The Diffusion Models and Effects of the Local Environmental Policy Innovation: A Micro-econometric Evidence from the Diffusion of River Chief Policy

Author(s): Banban Wang, Qionghui Mo, Haoqi Qian

Publisher: China Industrial Economics

Language: Chinese

DOI: 10.19581/j.cnki.ciejournal.2020.08.006

Online url: View online

Abstract

Local environmental policy innovation can provide important experiments and cases for enriching national environmental policy toolbox. However, under the dual pressures of economic development and environmental governance, an innovative local environmental policy may have differentiated policy effects in regions. Therefore, in order to effectively promote the local environmental policy innovation, it is necessary to empirically evaluate the following three issues: reproducibility of environmental policy effects, differented policy features among diffusion models, and variation in regulated entities under each model. To address the above issues, this paper utilizes a special case: different diffusion models of the China's River Chief Policy (RCP).
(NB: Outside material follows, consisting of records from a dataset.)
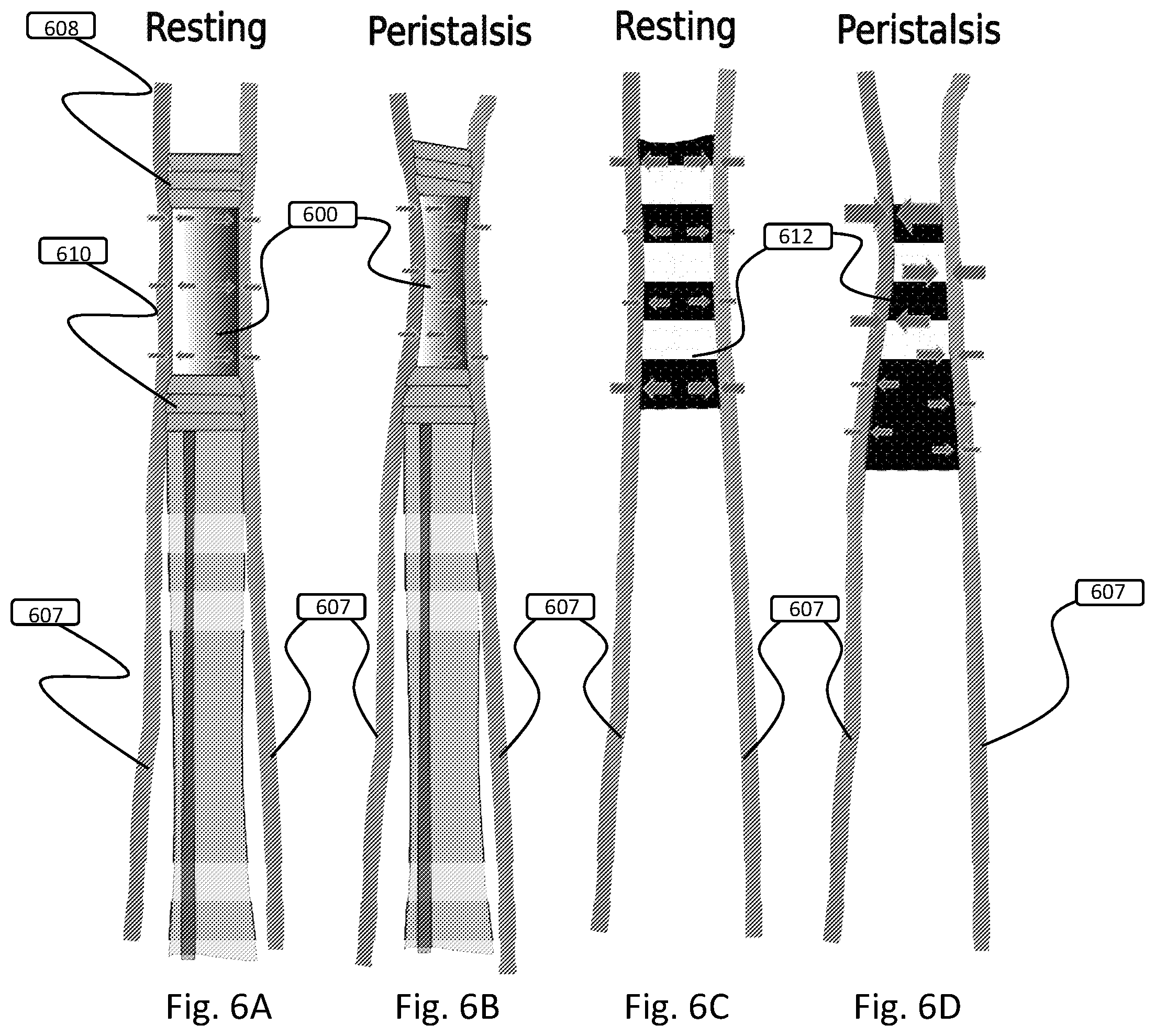 Patent US12508151 Figure 6 – Devices and methods for anchoring a sheath in a tissue cavity
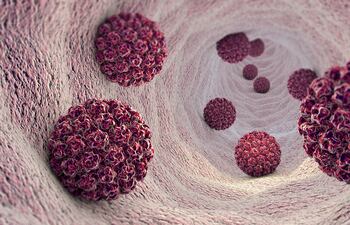 Infección por el virus del papiloma humano (VPH)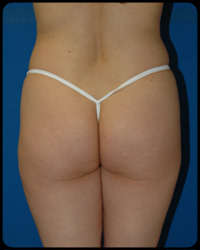 Gluteal Augmentation 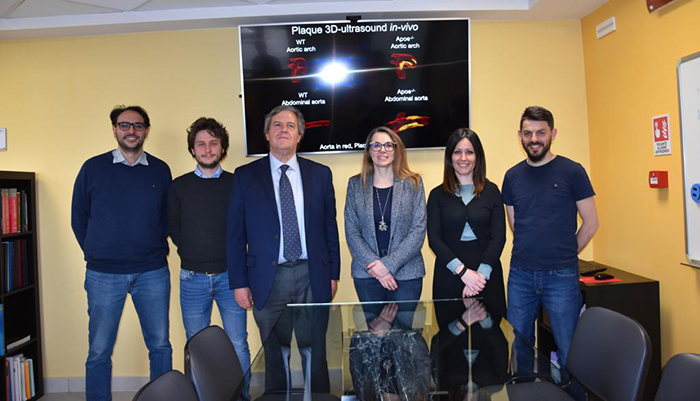 il_gruppo_del_Dipartimento_di_AngioCardioNeurologica_e_Medicita_traslazionale_che_ha_condotto_lo_studio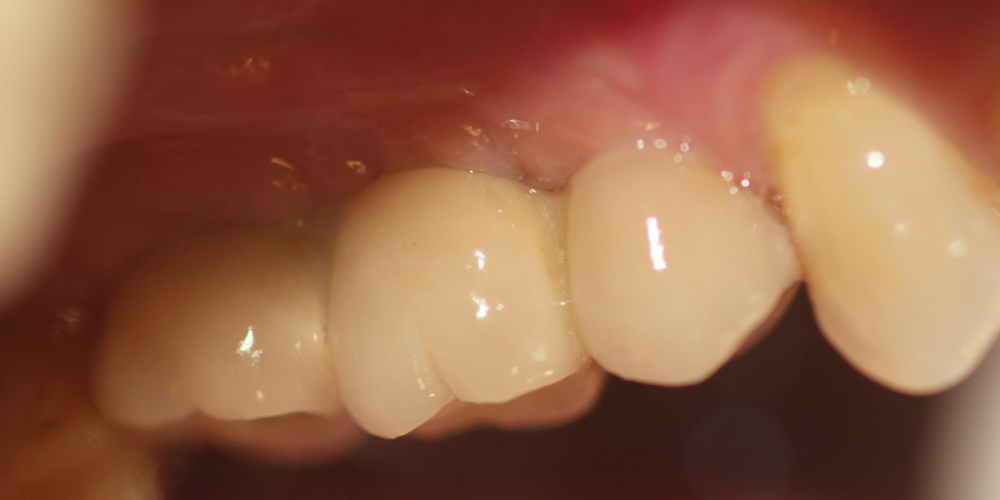 Восстановление двух зубов подряд: имплантация, синус-лифтинг, протезирование - фото №2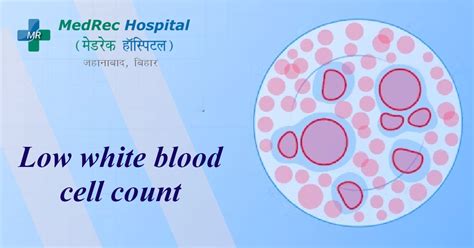 Introduction to Low Blood Cell Count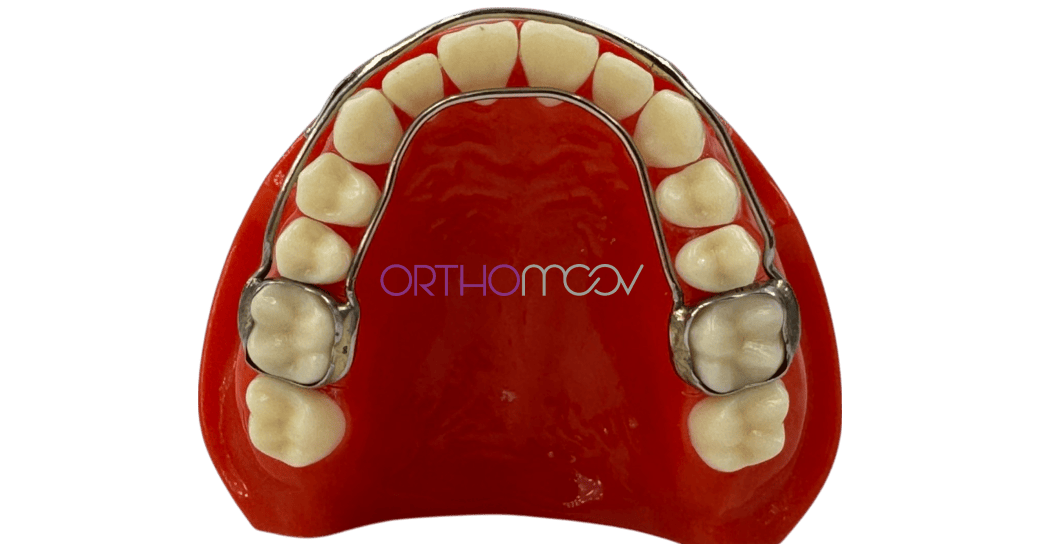 Double arc de Delaire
Applying firm-level pollution and economic data, this paper uses the Difference-in-difference (DID) approach to identify policy effects. The main results are as follows. (1) During the policy diffusion process, the policy effect of RCP was successfully replicated under the bottom -up diffusion path, which is led by the higher government; while insignificant in the parallel diffusion regions, where the policy was actively imitated by other local governments. (2) In the initiated region and the bottom-up diffusion regions, RCP reduced COD emissions mainly through sacrificing the output of firms, rather than enhancing their waste water treatment capacities. However, in the parallel diffusion regions, RCP could neither reduce the firms' output, nor cut the COD emissions. (3) RCP in the parallel diffusion regions showed heterogenous effects among regulated entities. It had effectively reduced COD emissions among large firms but exerted relatively weaker regulation on emissions-intensive sectors. It also increased outputs in sectors with intensive emissions to compensate the economic loss from other entities.

Citation

Wang, B. Mo, Q. and Qian, H. (2020). The Diffusion Models and Effects of the Local Environmental Policy Innovation: A Micro-econometric Evidence from the Diffusion of River Chief Policy. China Industrial Economics, 8, 99-117.